News Releases

Huntsman Releases Third Quarter 2011 Results

Earns Highest Adjusted EBITDA in History(a)

Third Quarter 2011 Highlights

  • Revenues improved 24% compared to the prior year period.
  • Adjusted EBITDA improved 26% to $345 million compared to the prior year period.
  • Adjusted diluted income per share improved 32% to $0.45 compared to the prior year period.
  • A higher than normal adjusted effective tax rate of 38% had a negative impact of approximately $0.08 per diluted share.
  • Negative foreign currency impact on earnings in our Advanced Materials and Textile Effects businesses of approximately $17 million compared to the prior year primarily due to the strong Swiss franc.
  • We announced restructuring plans within our Advanced Materials and Textile Effects businesses. We recorded $155 million of restructuring charges during the third quarter of 2011 consisting of $102 million of cash charges and $53 million of non-cash impairment of assets.  We expect additional future cash charges of approximately $35 million.  We expect future annual benefits of approximately $90 million.

(a) Excluding the Base Chemicals and Polymers businesses divested in 2006 and 2007

The Woodlands, TX – Huntsman Corporation (NYSE: HUN) today reported third quarter 2011 results with revenues of $2,976 million and Adjusted EBITDA of $345 million. 

Peter R. Huntsman, our President and CEO, commented:

“Our third quarter was the strongest in our company’s history.  Our revenues, adjusted EBITDA and adjusted net income are all stronger than a year ago as we appear to be heading towards a record year. 
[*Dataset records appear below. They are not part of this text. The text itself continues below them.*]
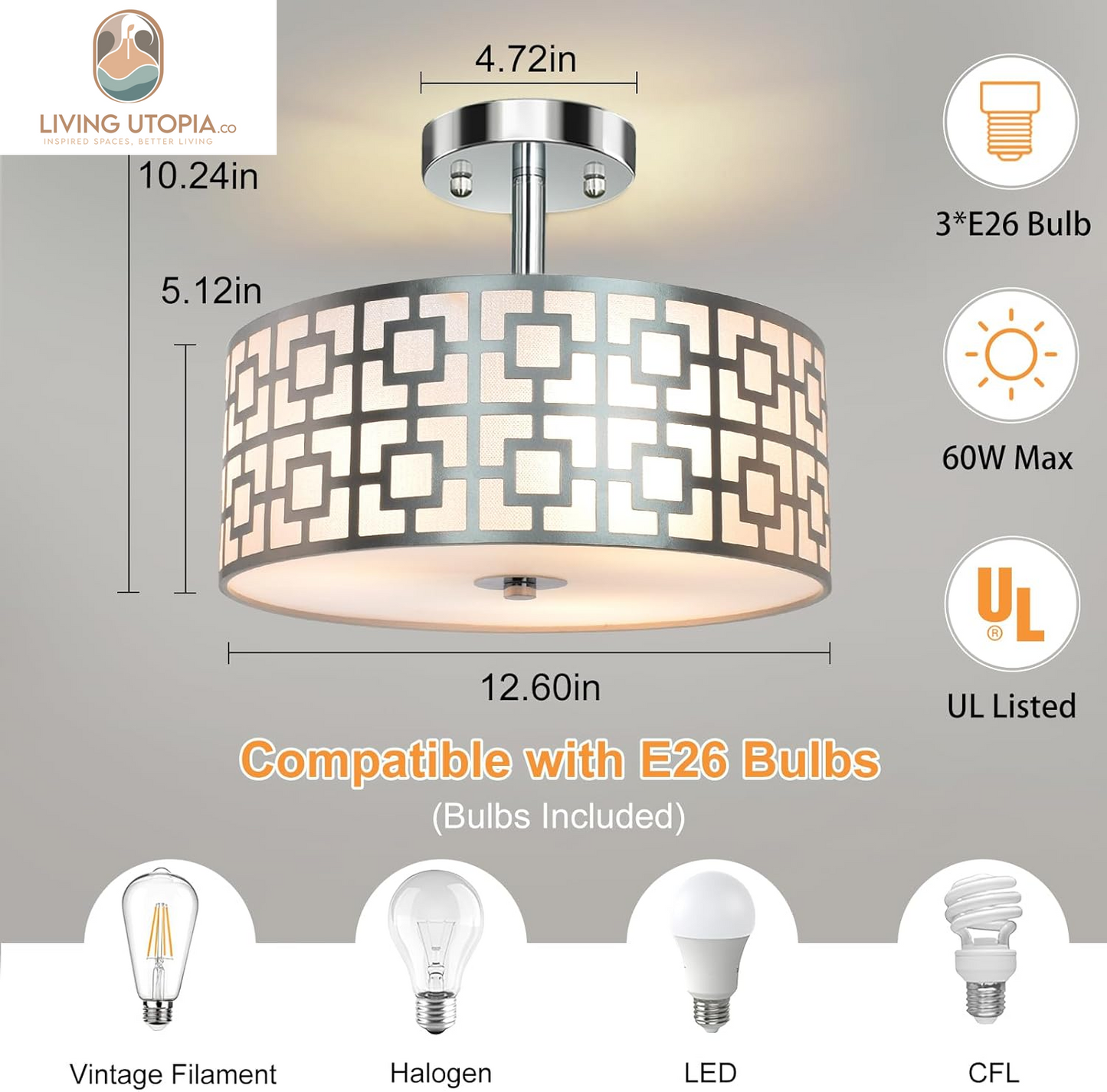 DLLT Flush Mount Ceiling Light: Modern 3-Light Brushed Nickel Kitchen Light Fixture - Drum Lighting Fixture for Dining Room - Silver Bedroom Ceiling Lamp with Double Shade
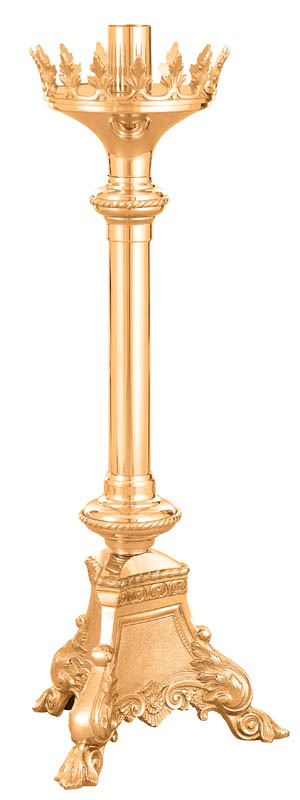 28" High Polish Bronze Paschal Candlestick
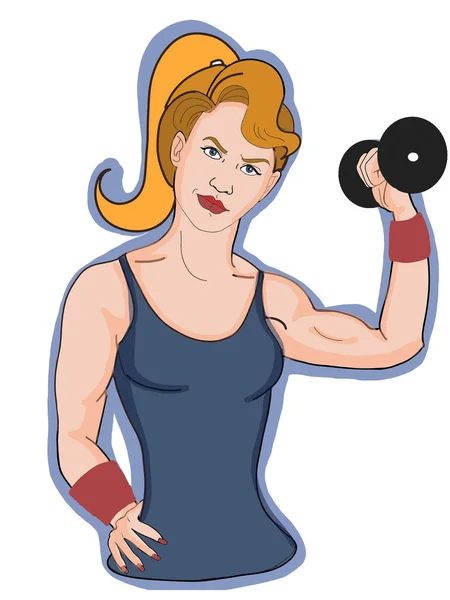 Cartoon Pop Art Strong Sport Woman Characters Strong Arms Fit — Stock Photo, Image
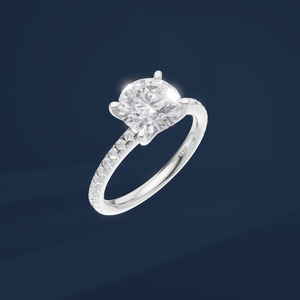 Anillo de Compromiso de Platino PT950 para Mujer con Diamante de Corte Brillante Redondo y Diamantes Laterales, Certificado IGI, Color D, Estilo Clásico - Product Image 1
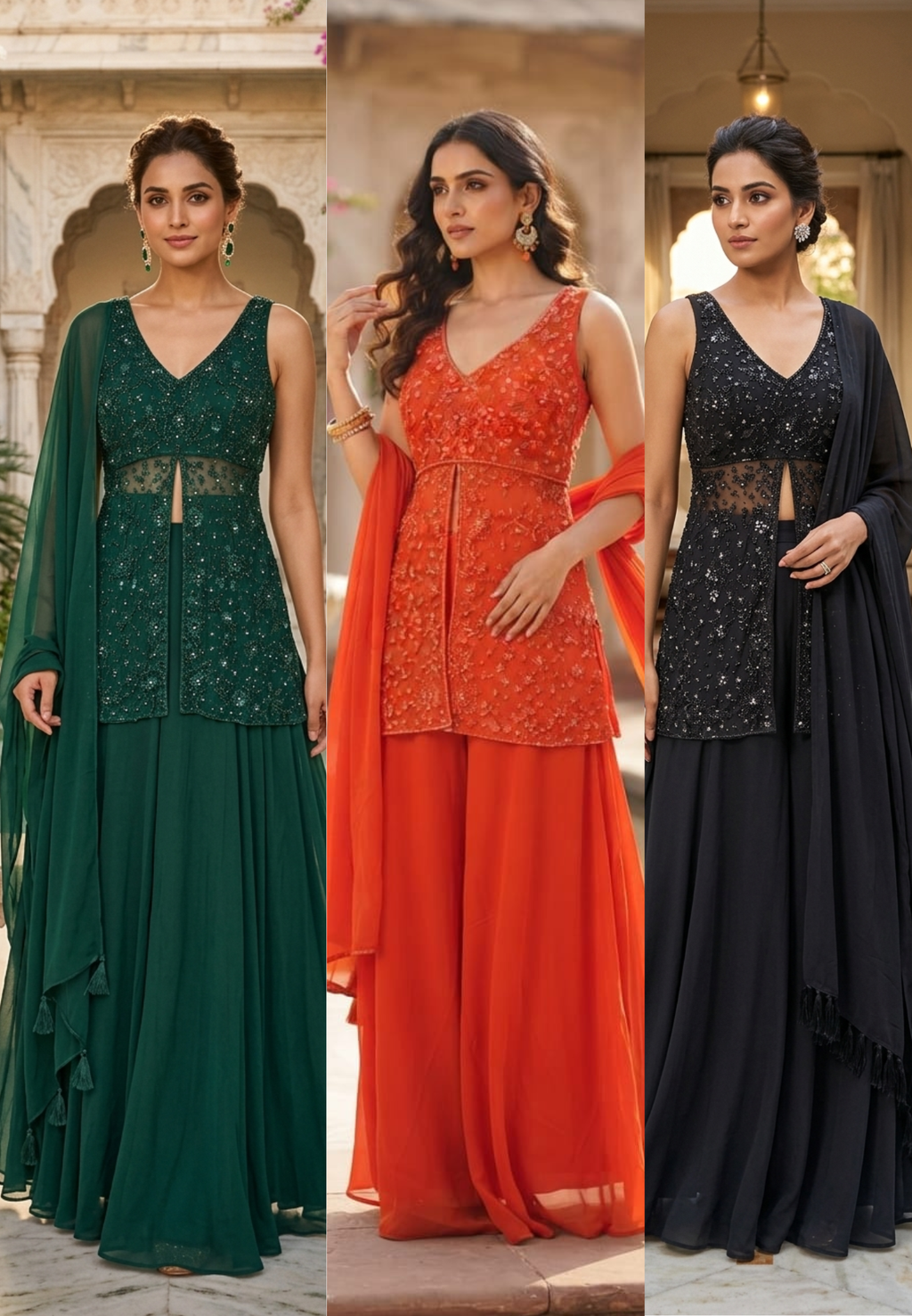 Premium Georgette Celestial Intricate Stones Cut-dana Embroidery Peplum Kurta WithFlared Palazzo Bottom & Tasseles Dupatta- 15007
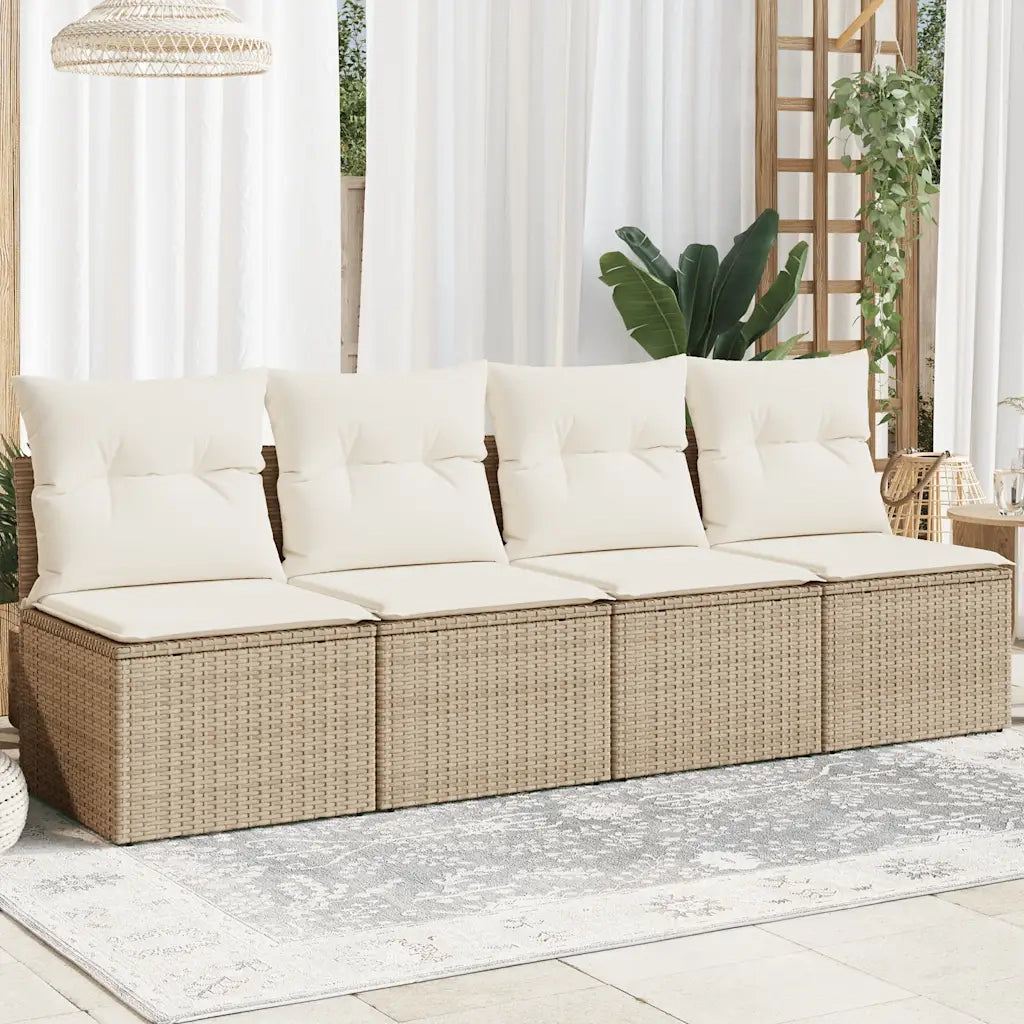Divano da Giardino con Cuscini a 4 Posti-Sofa da Giardino-Divano da esterno Beige in Polyrattan 793999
This past quarter we announced large restructuring plans to mitigate the impact of the strong Swiss Franc and to address the challenging business conditions of the global textile industry.  We expect to record cash restructuring charges of approximately $135 million and expect annual benefits of approximately $90 million between our Textile Effects business and our Swiss based Advanced Materials divisions.  We expect to see the impact of these changes beginning in the first quarter of 2012.

As satisfied as we feel about our strong quarter, we are still mindful of the sluggish global business conditions.  As the economy gradually improves in the coming year, we fully expect stronger earnings from our business as many of our larger product lines are still quite some distance from their peak earnings potential.  In short, I am quite pleased with our third quarter results, but expect stronger performance as the global economy returns to more stable growth.”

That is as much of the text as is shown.